Caminamos por las calles del barrio, andamos sin más novedades que nuestros pasos y referencias cercanas sin saber de historias que laten en cada baldosa.
Allá por los albores del siglo XX, afloraban los talleres de carruajes en las otrora afueras de la ciudad, hoy, nuestro barrio. Existían fileteadores en cuanto taller o terminal de colectivos.
La sabiduría era tradición oral, no había referencias bibliográficas, unos pocos maestros transmitían a sus escasos discípulos la manera de hacer, así es que las palabras adquirieron su identificación según la fonética (por ejemplo las letras góticas las llamaron esgóstricas, a las sombras translúcidas las llamaron shapán por su color similar al champagne).

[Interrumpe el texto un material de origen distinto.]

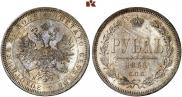 1 rouble 1868 year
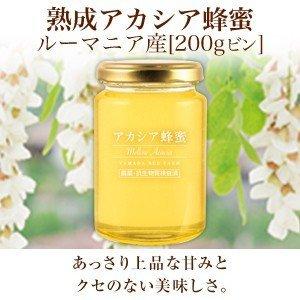 山田養蜂場 アカシア蜂蜜(ルーマニア産) 200g 母の日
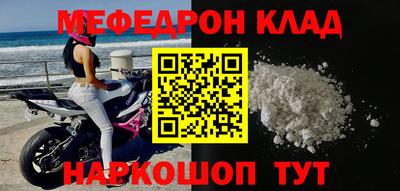 кокаин Кунгур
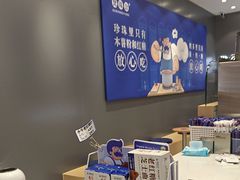 -煲珠公·老红糖珍珠奶茶(金沙洲梦乐城店)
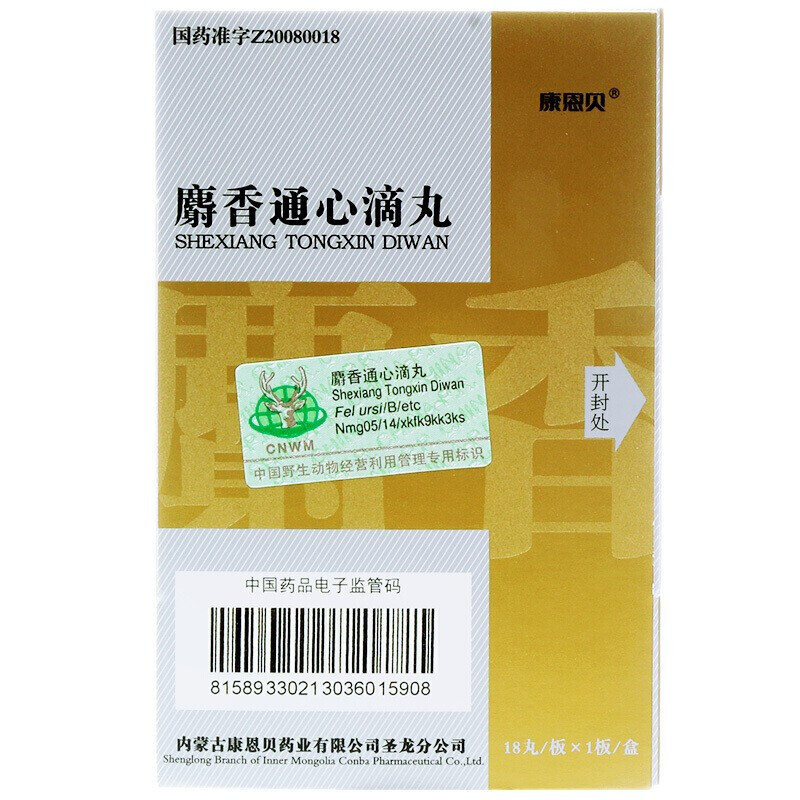 麝香通心滴丸(康恩贝)包装主图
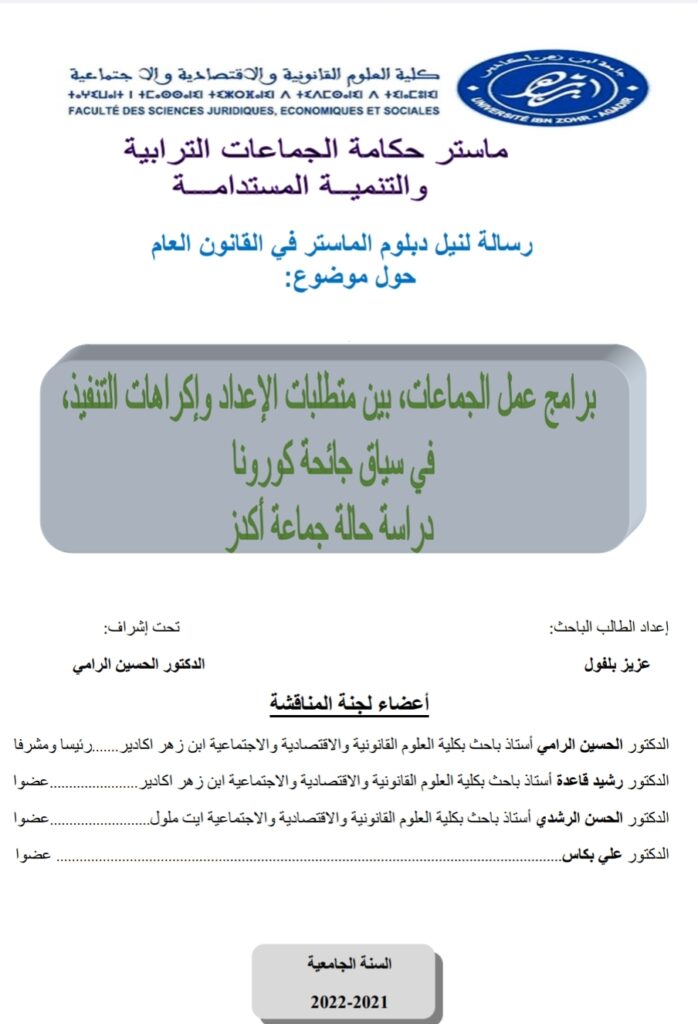 برامج عمل الجماعات بين متطلبات الإعداد واكراهات التنفيذ
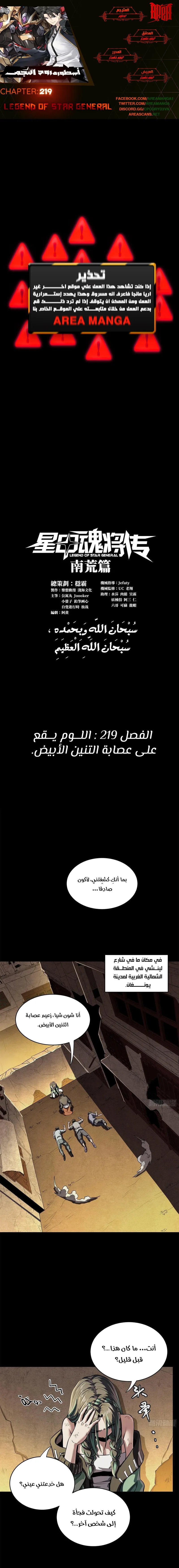 Read Legend of Star General AR Manga Online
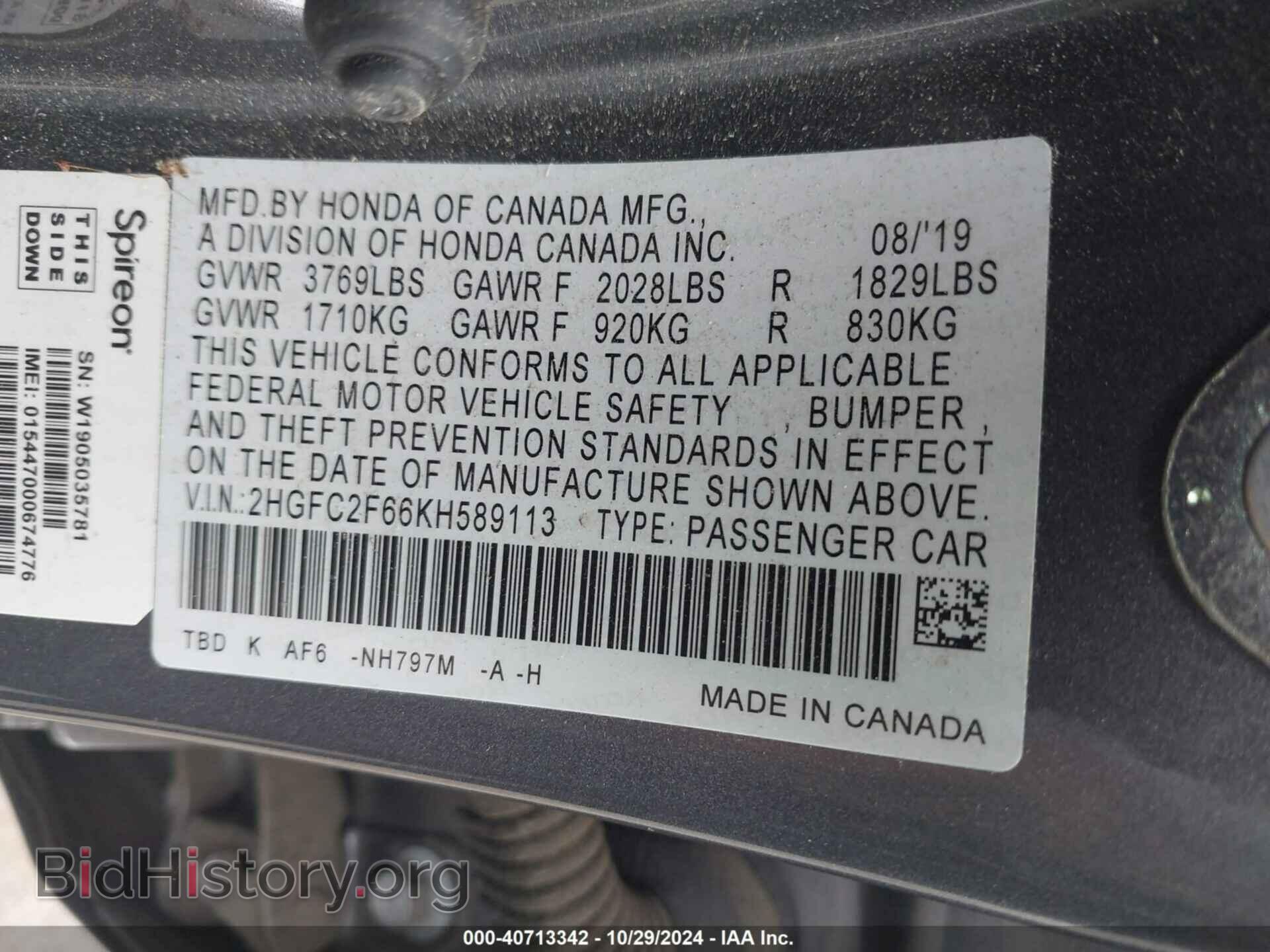2019 HONDA CIVIC - VIN: 2HGFC2F66KH589113 - Фото 9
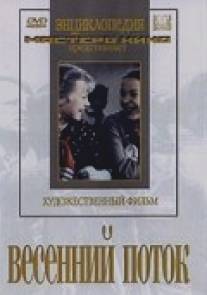 Весенний поток/Vesenniy potok (1940)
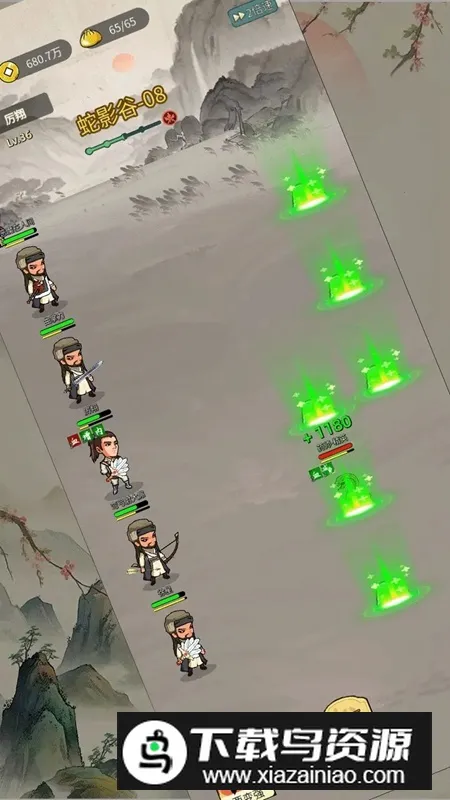 ��罣��2025����v1.0 ��׿���ͼ4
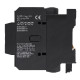 Контактор ISKRA KNL63-11 63А 220/240 В 50/60 Гц (30050499000)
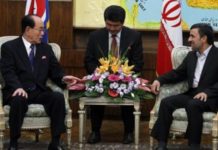 North Korea + Iran Vs World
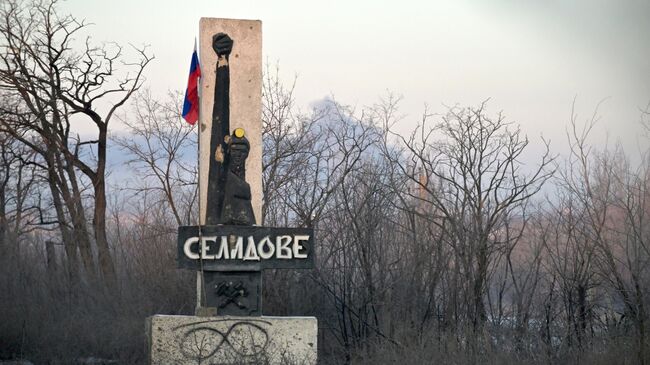 Стела в городе Селидово в ДНР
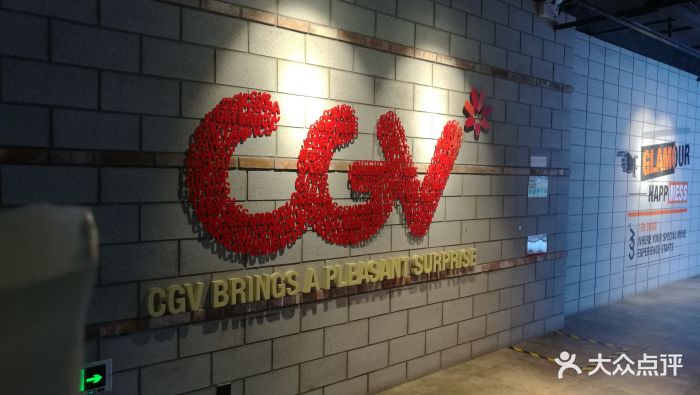 cgv影城(日照万象汇店)图片 - 第17张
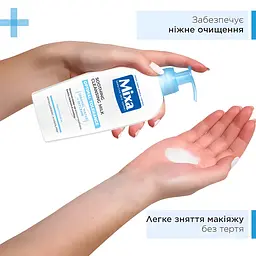 Молочко для зняття макіяжу з очей Mixa Hydrating для чутливої шкіри обличчя 200 мл - мініатюра 4
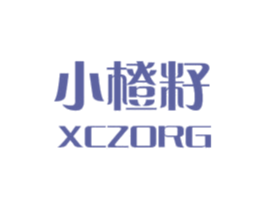 小橙籽 XCZORG 第30类小食配料商标图样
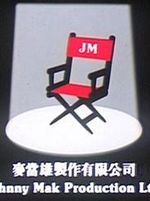 Johnny Mak Production Co. Ltd.
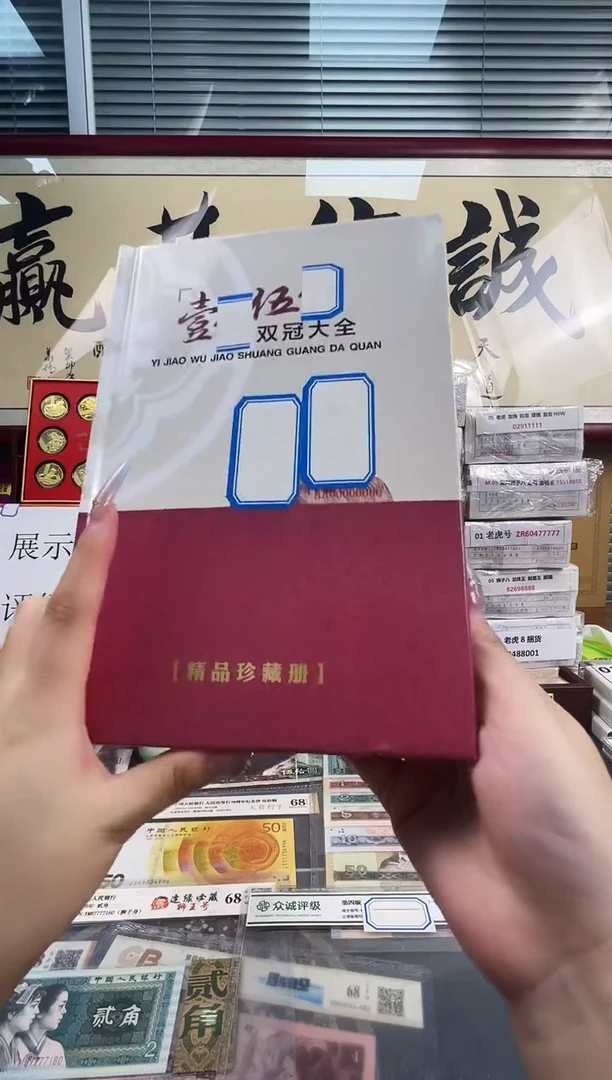 【双冠大全】01+05全册21张+16张尾三同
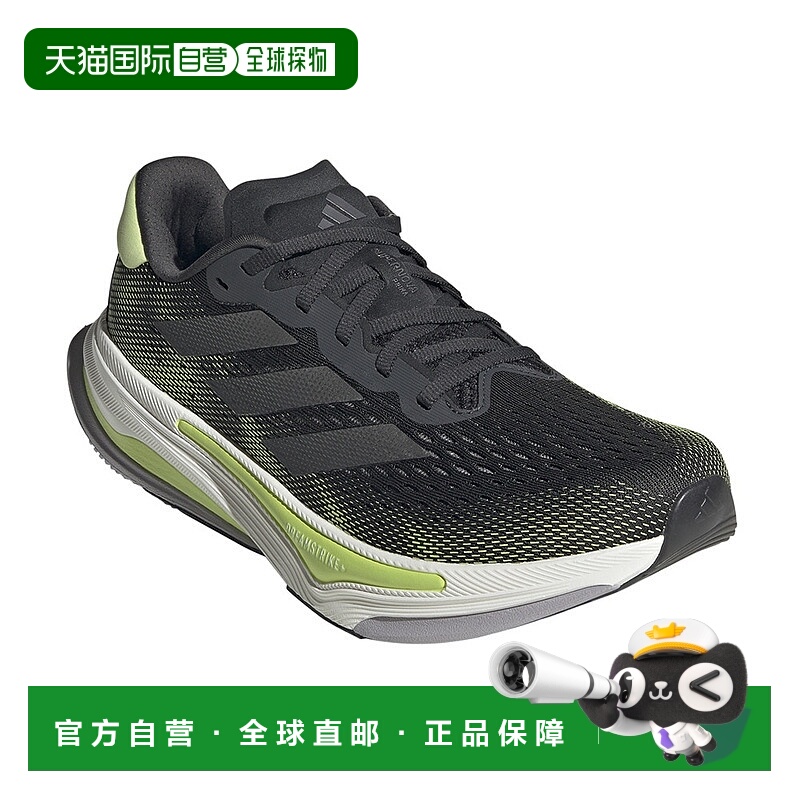 日本直邮adidas Supernova prima 舒适百搭耐磨轻便 低帮跑步鞋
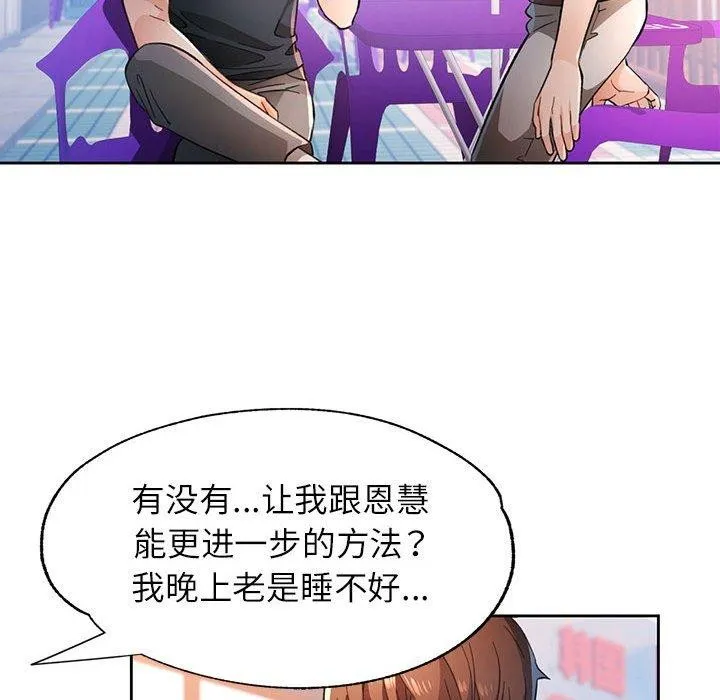 脱轨关系 - 第45話 - page 37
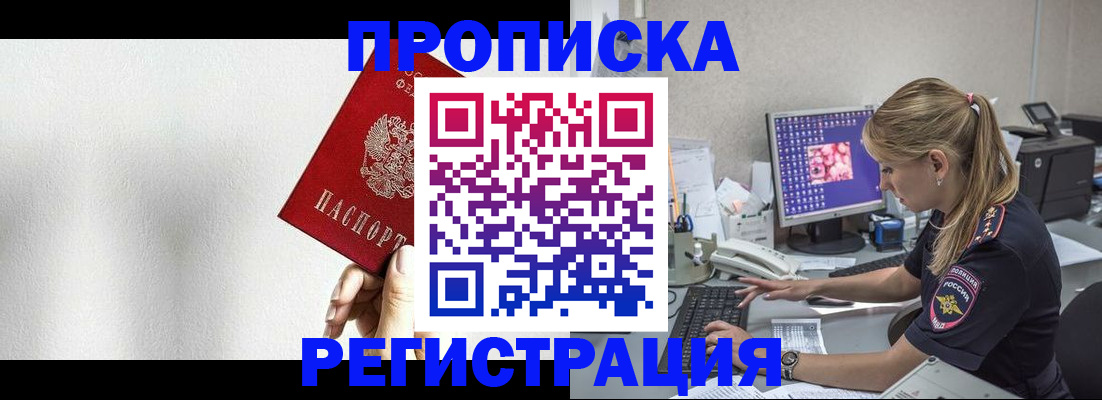 прописка штамп в Канаше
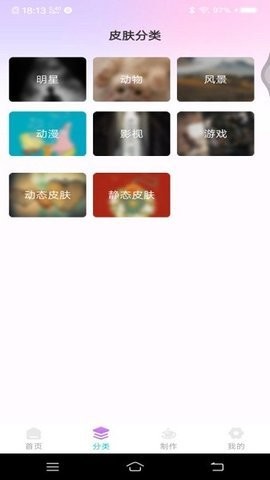 主题键盘皮肤图1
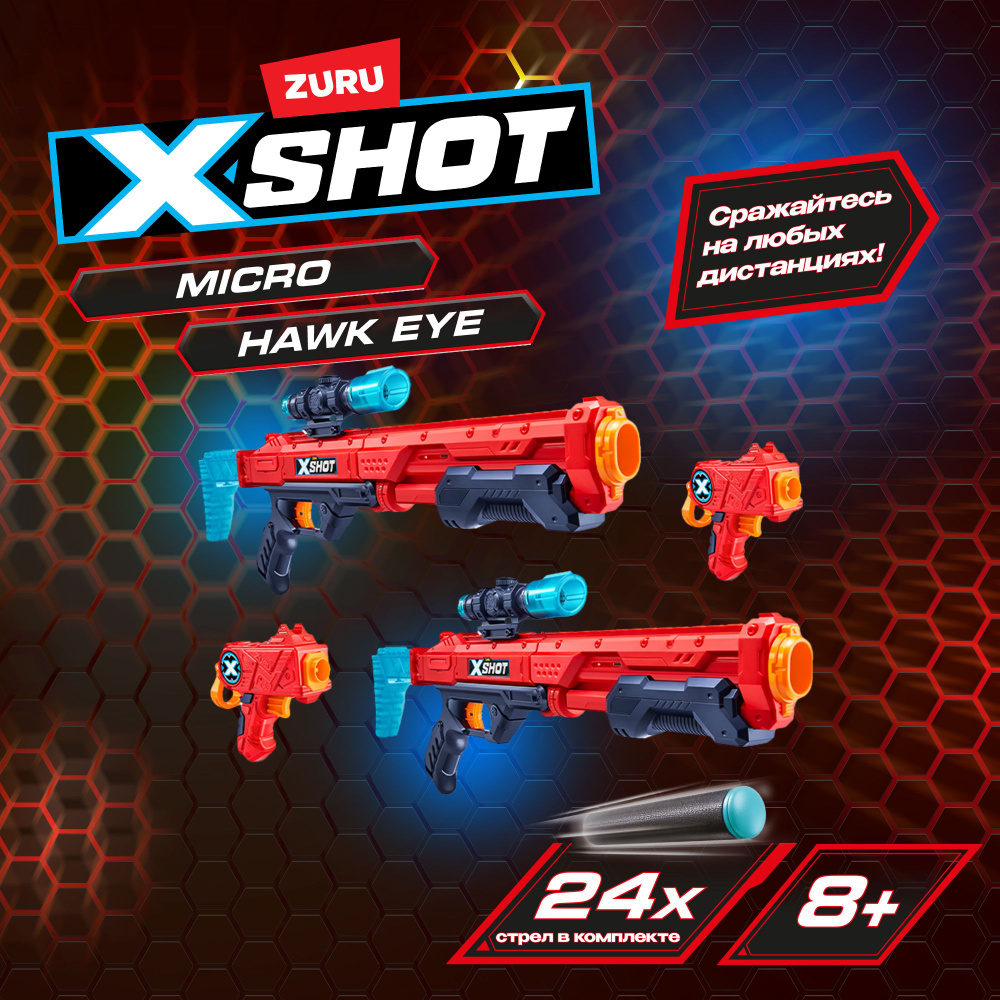 Игровой набор из 4-х бластеров ZURU X-SHOT Комбо: 2 Micro и 2 Hawk eye, с  24 стрелами, игрушки для мальчиков, 8+, 36278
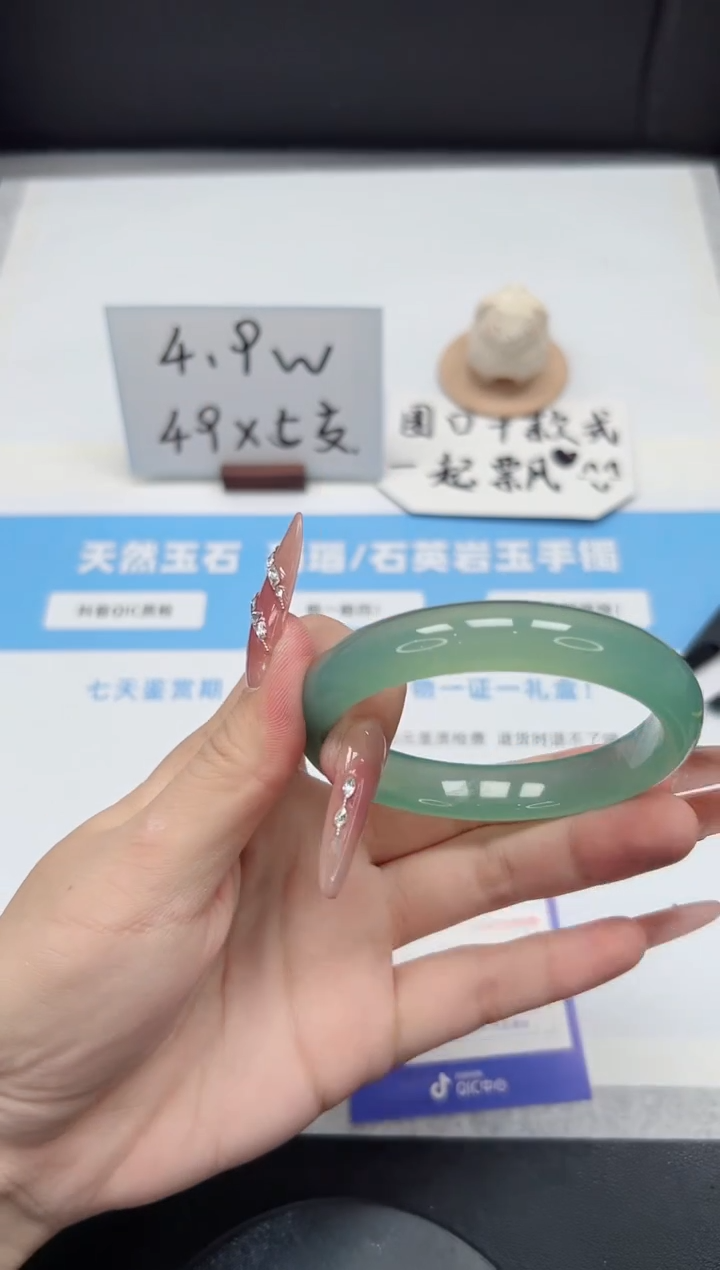 【闪购商品】石英质玉手镯未镶嵌279/58.4晴水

Así una mañana Don Carlos Carboni, gran referente de la Vieja Guardia, tuvo que reemplazar a un colega fallecido en una carrocería de la calle Laguna, al llegar descubrió una madera con agujeros donde estaban dispuestos sendos cucuruchos de goma y Don Carlos tuvo que investigar y probar una y mil veces cuál era su función, para descubrir que era para hacer una imitación. Como decía mi maestro, Don Ricardo Gómez, “uno es fileteador cuando sabe compartir” y Carboni, supo compartirle a Gómez éste y otros secretos.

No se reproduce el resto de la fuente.